1. Y a-t-il une salle commune ?
J’aime rencontrer de nouvelles personnes lorsque je voyage. Comme je voyage habituellement seul, je dois faire tout mon possible pour rencontrer des gens si je veux être social. Les salles communes des auberges facilitent cela. Ils m’aident à trouver des personnes avec qui discuter, obtenir des conseils, faire des activités ou même voyager.
De plus, ils sont parfaits pour simplement s’amuser. Ils ont généralement des tables de billard, des téléviseurs/films (parfaits pour les jours de pluie), un baby-foot, une table de ping-pong et des canapés confortables. Si vous voulez être social, assurez-vous de rester dans un endroit doté d’une salle commune décente.
Dans les destinations plus chaudes, un espace commun à l’extérieur est également un gros plus. Bars sur les toits, terrasses, espaces barbecue : tout espace extérieur social est indispensable.
2. Est-il situé au centre ?
Emplacement, emplacement, emplacement. Chaque fois que je cherche une nouvelle auberge, je m’assure qu’elle se trouve à proximité des choses que je veux voir. Je ne veux pas passer tout mon temps à faire la navette lorsque j’arrive dans un nouvel endroit. C’est pour cette raison que je m’assure toujours que mes auberges se trouvent dans un emplacement central et à proximité des transports en commun. De cette façon, je peux me déplacer facilement et je n’ai pas à craindre de gaspiller de l’argent en taxi.

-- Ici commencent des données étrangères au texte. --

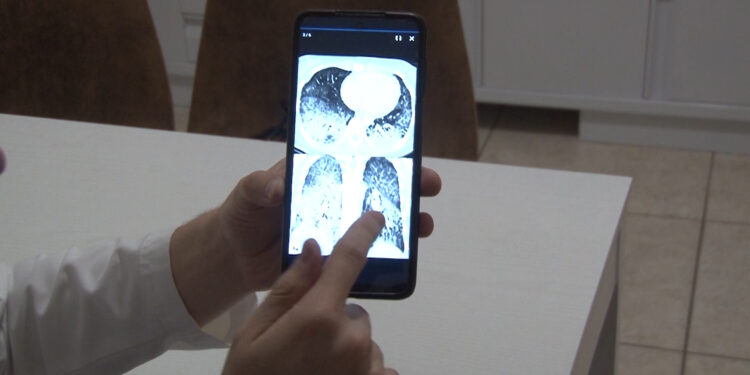 Alertan especialistas sobre riesgos del vapeo en jóvenes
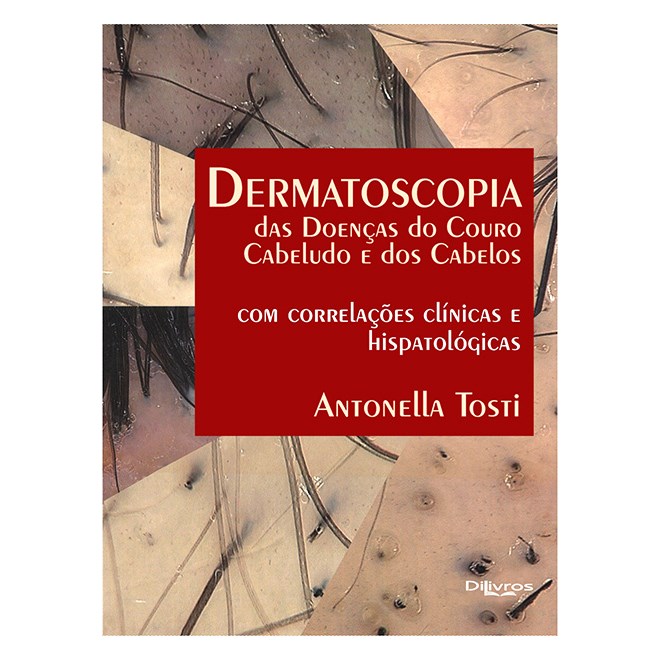 Livro Dermatoscopia das Doenças do Couro Cabeludo e dos Cabelos- Tosti
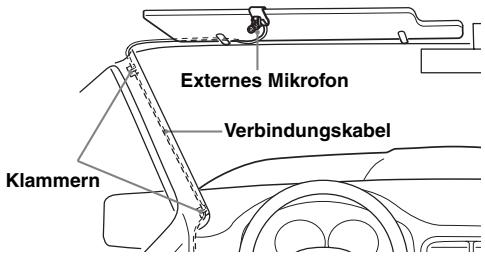 SONY MEX-BT3900U - Externes Mikrofon XA-MC10 - 1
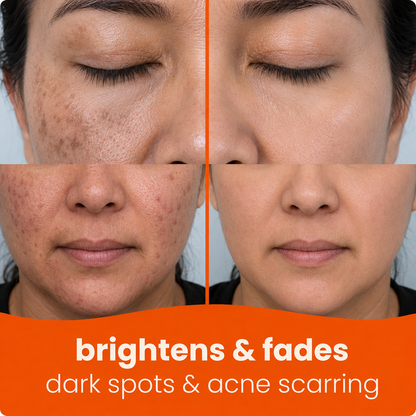 🔥Last Day 68% OFF-Juxek Turmeric Kojic Glow Pads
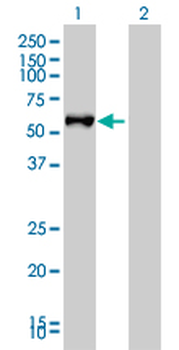 FGL2 monoclonal antibody (M01), clone 6D9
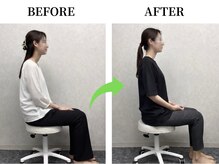 イロハ 鳥取米子店(IROHA)/【美容整体のビフォーアフター】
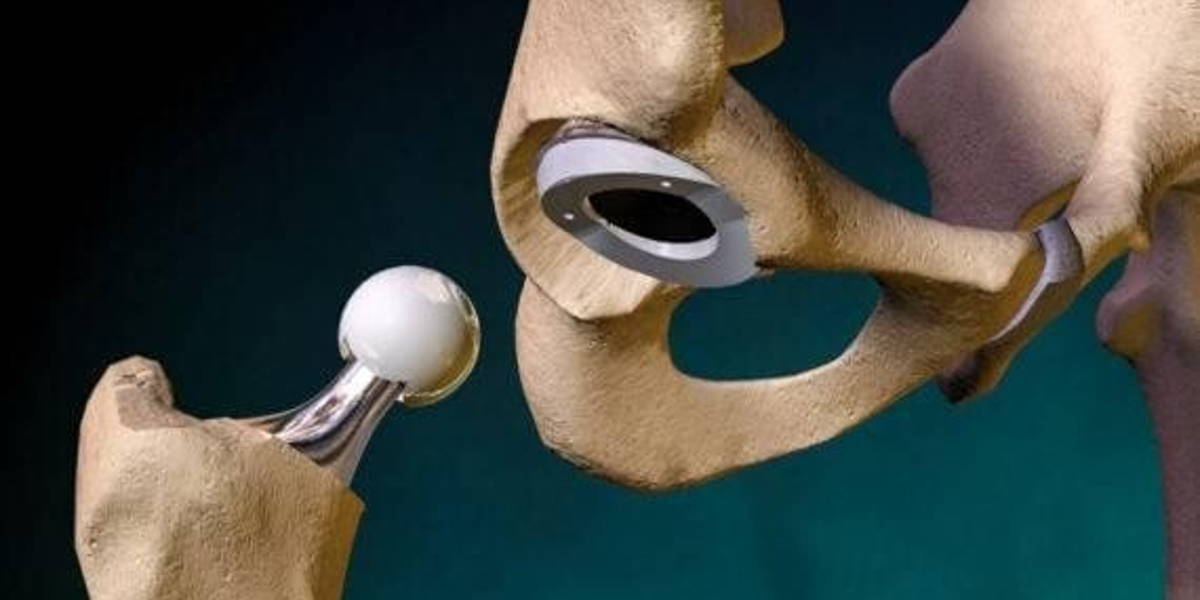 Implant-hip-3-570x360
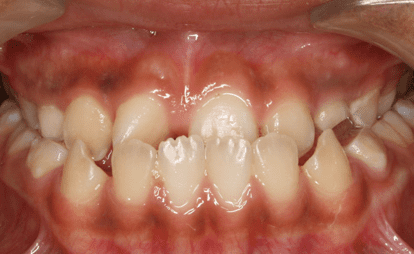 Crossbite — upper and lower teeth misaligned laterally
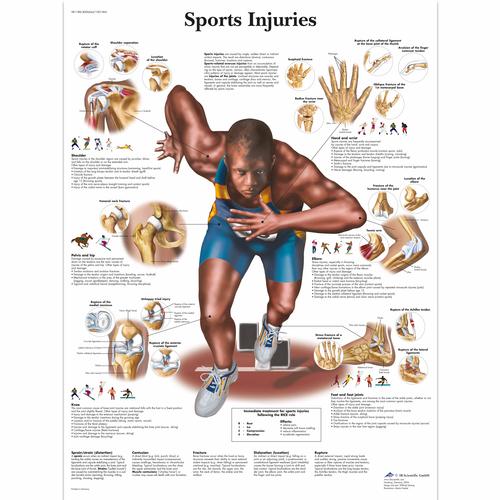 Sports Injuries, 4006664 [VR1188UU], Muscle

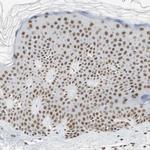 RTF1 Antibody in Immunohistochemistry (Paraffin) (IHC (P))
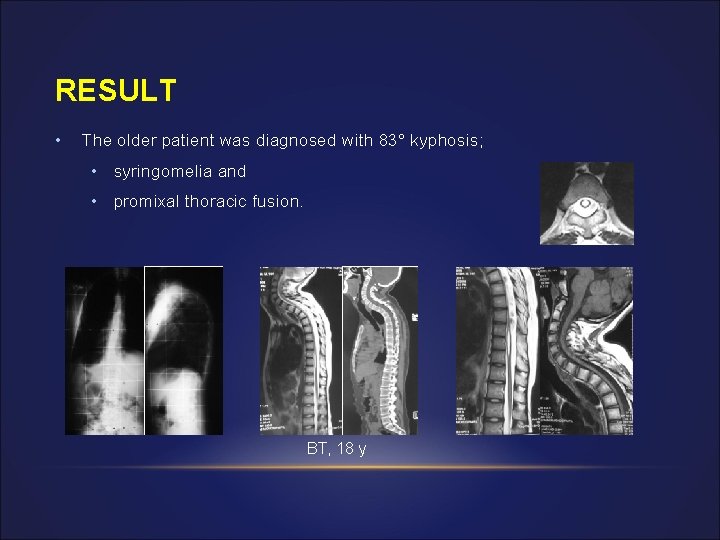 RESULT • The older patient was diagnosed with 83° kyphosis; • syringomelia and •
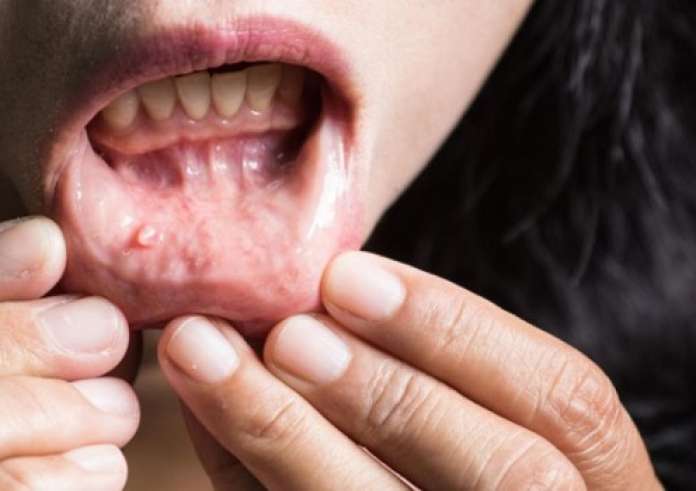 Άφθες - άφτρες στο στόμα: Αίτια, συμπτώματα και αντιμετώπιση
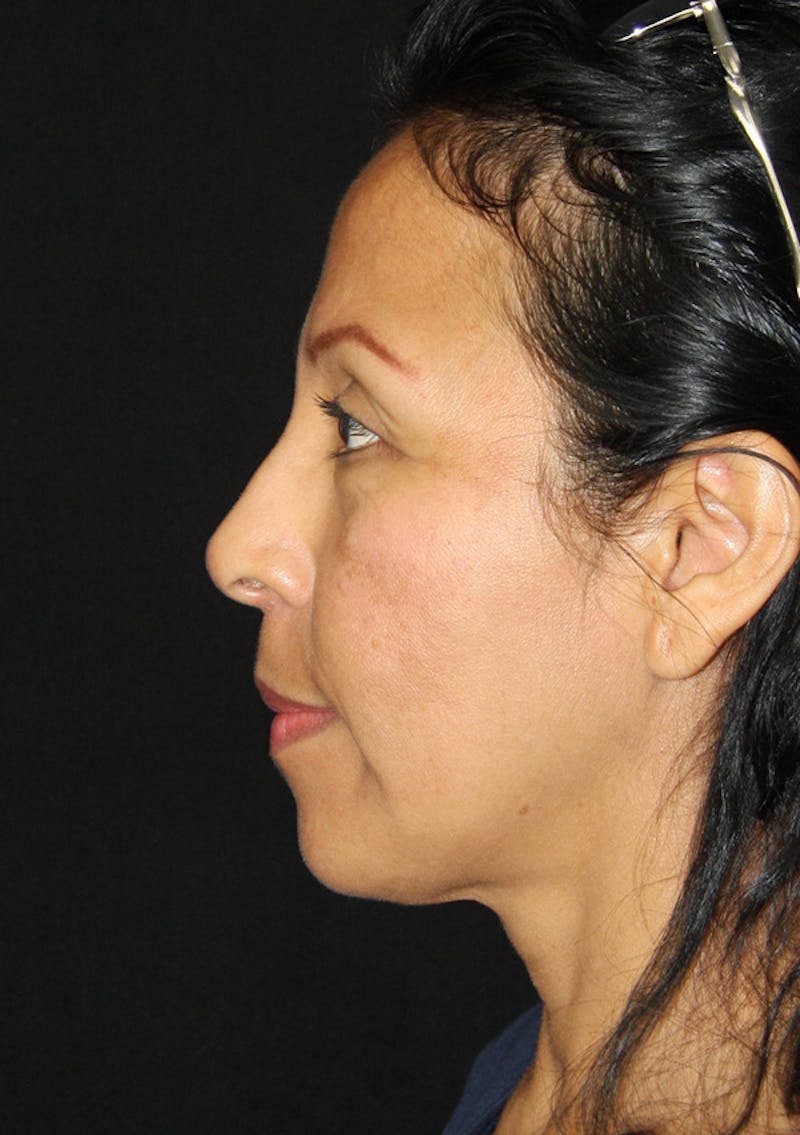 Non-Surgical Rhinoplasty Before & After Gallery - Patient 143521931 - Image 4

Ceci est particulièrement important dans les grandes villes où les choses sont dispersées et lorsque vous effectuez un voyage plus court et que le temps presse. Ne perdez pas vos vacances en transit ; réservez dans un endroit central !
3. Est-ce propre ?
Bien sûr, les voyageurs à petit budget aiment les choses bon marché, mais cela ne veut pas dire que nous aimons les choses sales. Même si les auberges ont parcouru un long chemin ces dernières années, nombre d’entre elles sont encore mal entretenues et ont besoin d’un nettoyage en profondeur. Puisqu’il est facile de tomber malade sur la route, évitez les auberges sales. Les salles de bains et les douches grossières (ainsi que le risque accru de punaises de lit) ne valent pas le risque, même si l’auberge est bon marché. Investissez en vous-même. Vous méritez une chambre propre !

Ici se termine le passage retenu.